Previously in USA Acquires Rights to Build the Panama Canal.
Time: 1903
After many revolts against his authority, in a final revolution he defeated the Liberals in a great battle, and they fled from the field, leaving upon it seven-thousand of their dead. Marroquin was now absolute master of the constitution, the laws, the lives, and the property of the people of Colombia. He evidently proposed this treaty to secure ten million dollars from the United States Government. He wanted money, and ten millions in gold, reckoned by the value of Colombian currency, would be about fifty millions in that Republic. But the speed and alacrity with which his offer was accepted opened his mind to visions of bound less wealth. He certainly developed, in his effort to compass these riches, Machiavellian statesmanship of a high order.
He declared the constitution operative, ordered an election, and summoned a congress. He had the army and absolute power; he controlled the machinery of elections, and brought to the capital his own representatives. He was in a position at any moment again to suspend the constitution, prorogue Congress, or send them to jail. But he said: “This is my treaty, which I sent up to Washington when I was the Government, which the United States has agreed to, and there must be some excuse which will appeal to the powers at Washington for more money. I must create an opposition to my Government.” So he granted for the first time in three years a restricted liberty to the press, he liberated the editors and permitted the confiscated newspapers to resume. The cue given to them was to assail the treaty and the United States. This was to create the impression that there was a violent opposition, in a country where only five per cent. of the people can read, against the Hay-Herran settlement. Next he created in Congress an opposition to the Government.
The orators to whom this role was assigned, with all the tropical luxuriance of Latin eloquence, denounced this infamous agreement, this frightful surrender of the rights and interests of Colombia.

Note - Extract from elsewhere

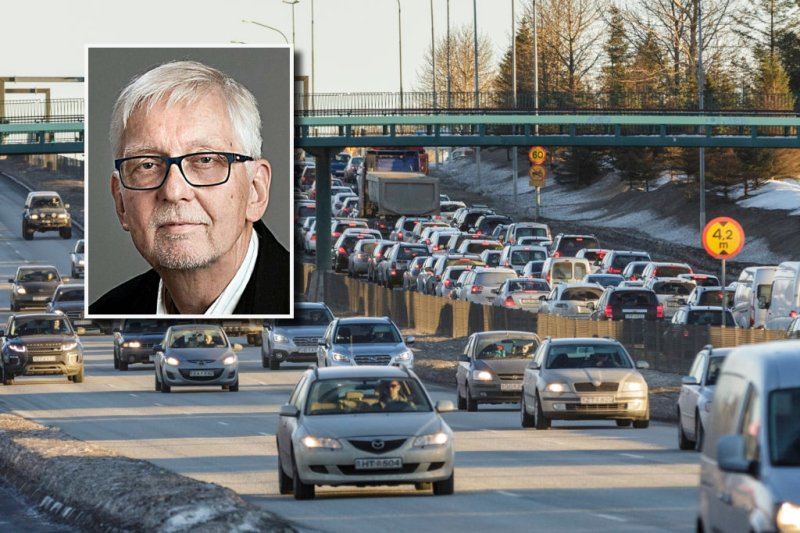 Skipulagsfræðingur vill endurskoða samgöngustefnu Reykjavíkur – Sundabraut verði hraðað og ný hverfi byggð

Marroquin, as Vice-President, presiding over the Senate, listened with pleasure to these fusillades upon his own statesmanship prearranged by himself. Every citizen of Colombia who had any intelligence, and every member of either House of that Congress, knew that Marroquin had but to lift his finger and the vote for the treaty would be unanimous. This drama, accurately reported by our Minister Beaupré to the Secretary of State, closed with Vice-President Marroquin saying to us substantially:
You see the trouble I have in this uncontrollable opposition. Of course I want to carry out my treaty, but unless concessions are made, not to me, but to the pride and sentiments of my country, I am helpless. But if the United States will give ten million dollars more, I think I can satisfy this opposition; at least I will risk my popularity and power in the effort.”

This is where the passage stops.